DATA FOR THE TASK:
■ ■ ■ ■

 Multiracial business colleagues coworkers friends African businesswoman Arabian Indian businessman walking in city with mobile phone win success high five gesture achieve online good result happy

■ ■ ■ ■

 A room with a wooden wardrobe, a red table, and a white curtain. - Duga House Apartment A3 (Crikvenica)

■ ■ ■ ■

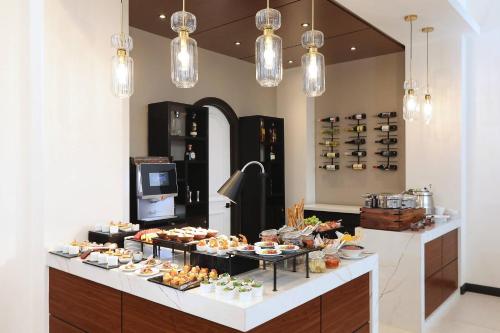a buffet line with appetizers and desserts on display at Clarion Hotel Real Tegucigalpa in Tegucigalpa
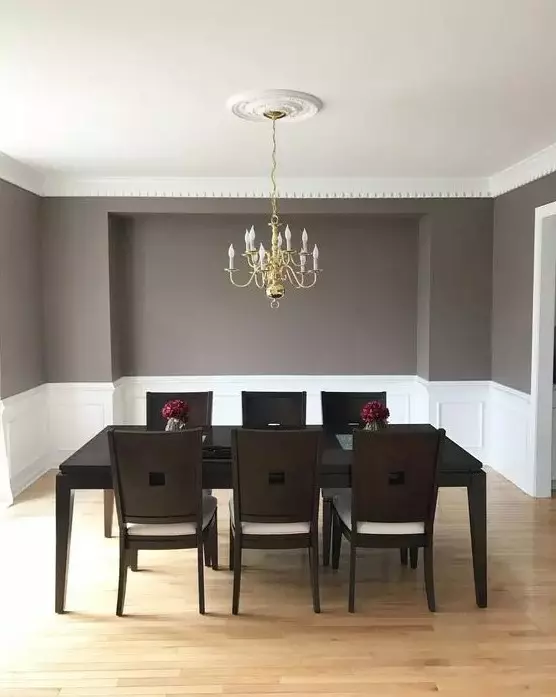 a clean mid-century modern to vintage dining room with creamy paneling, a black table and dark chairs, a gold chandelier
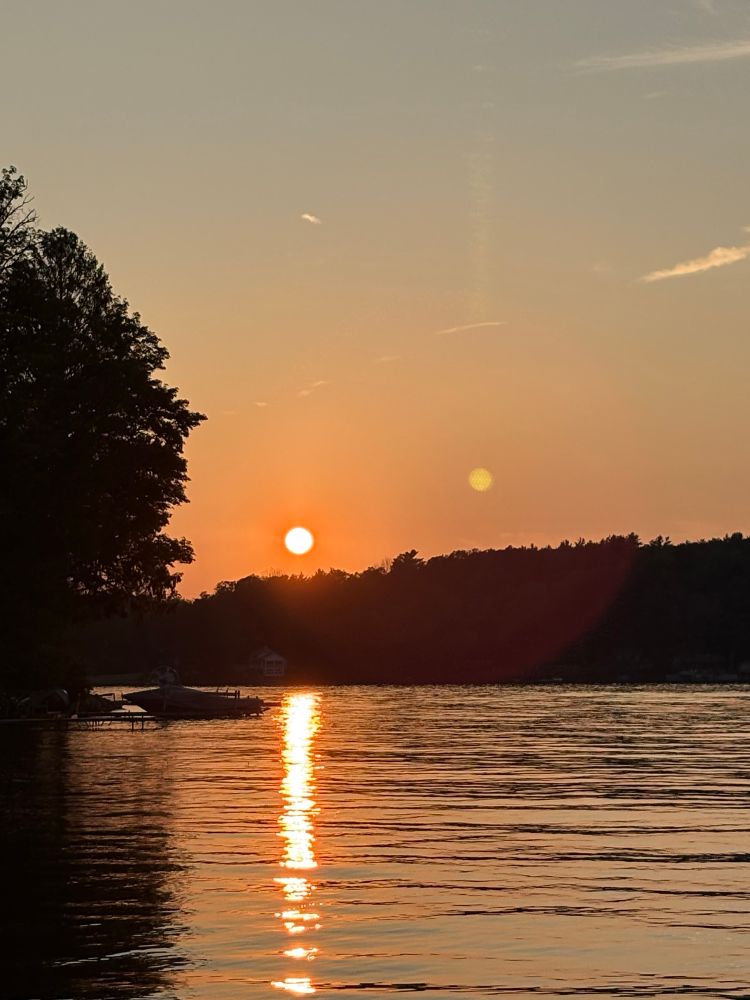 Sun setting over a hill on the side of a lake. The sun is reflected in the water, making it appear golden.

■ ■ ■ ■

TASK DIRECTIONS: Above are the records; restate exactly the lines from the one containing "a buffet line" through the one containing "a clean mid-century", keeping pictures out.

SOLUTION FOR THIS PROBLEM:
a buffet line with appetizers and desserts on display at Clarion Hotel Real Tegucigalpa in Tegucigalpa
 a clean mid-century modern to vintage dining room with creamy paneling, a black table and dark chairs, a gold chandelier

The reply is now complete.